The challenges to shifting focus onto the outer ring of our cities lie in the opposite of why city centres work. That is that not everyone can get there; demand becomes diffuse and unpredictable, longer average journey times are less sustainable and scale economies and agglomeration benefits are weakened. Take the example of a shopping centre. If there are fewer people in the catchment, there will be less footfall, less demand for goods, and in turn this will attract fewer retailers. If you want to go to a restaurant, you have a cornucopia of cuisine choices in the centre, whereas if you live in a village as yet untouched by the gastro pub you’d better get used to pies and fish and chips. And if you’re an employer how do you deal with the increased commute times for more remote locations less well served by transport modes?
However, all these things can be resolved in what I propose as a 4-point model for off-centre development:
We have to make things smaller, more specific, cheaper, and more flexible.
Firstly, if you make something smaller (smaller footprint, fewer staff), you can sustain it on less demand, limiting people movements to local ones only. The historic problem has been getting over the hurdle of fixed operating costs. However, robotics and automation present significant new opportunities to drive down the fixed cost of operations and reduce the minimum efficient scale for businesses. Resource sharing with other businesses (e.g. admin staff) provides further benefits. Why not divide your HQ into a series of smaller interconnected sites closer to where your staff live? Why not have five dispersed 10-cover restaurants rather than one central 50-cover one?
This comes to the second point. By reducing the product offering along with the scale, you can be highly specific in targeting a customer segment. A large shopping centre in the centre of town needs to appeal to the mass market; whereas a small facility in a local neighbourhood can match much more closely to a known demographic and deliver a much more personal experience.
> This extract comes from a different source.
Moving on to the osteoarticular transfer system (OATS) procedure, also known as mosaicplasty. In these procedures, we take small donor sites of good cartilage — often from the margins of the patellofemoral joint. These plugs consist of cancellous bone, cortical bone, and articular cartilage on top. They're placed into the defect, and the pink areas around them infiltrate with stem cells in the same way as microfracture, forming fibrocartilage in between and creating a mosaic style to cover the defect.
Data helps us to define these segments and match demand more effectively than ever.
Thirdly if revenues are going to be lower and scale economies weakened, you need to reduce costs to preserve margin. This means building cheaper to keep rents lower. It is the folly of many developers to over specify; whereas we now know that you can build a shopping centre out of shipping containers, and tech occupiers are happy with exposed service media. New construction techniques using sustainable materials like cross laminated timber or bamboo can deliver at a fraction of the cost, especially in lower density environments.
And finally, where demand is more fickle, real estate needs to be more responsive and flexible. Start by not building to last. Cheap, dismantlable structures built to circular economy principles can be adapted much more readily. Modular designs that can be disassembled and reassembled in weeks overcome demand relocation risks and provide a sustainable solution.
We face many uncertainties this year that are challenging long held conventions and sacrosanct thinking. We will never move on as a society or as businesses if we are not willing to take a critical look at these dogmas and decide whether they are still fit for purpose. They say that you should change strategy as rarely as possible; capriciousness defeats a good long-term plan. However, when technology and social change conspire to alter how the world works, it’s time to rip up the playbook.
In particular, a new view is needed on how we deliver work and shopping environments for a new era. This era is one where people movements are fewer, where society’s resources are distributed more equally and are more diffuse, and where the importance of local is reinforced. Critically the rules need to change to accommodate this new world and quickly. Town planning, typically slow to react, could and should be leading the change rather than responding to it. And real estate investors need to show the way, rather than waiting for someone else to clear the fog.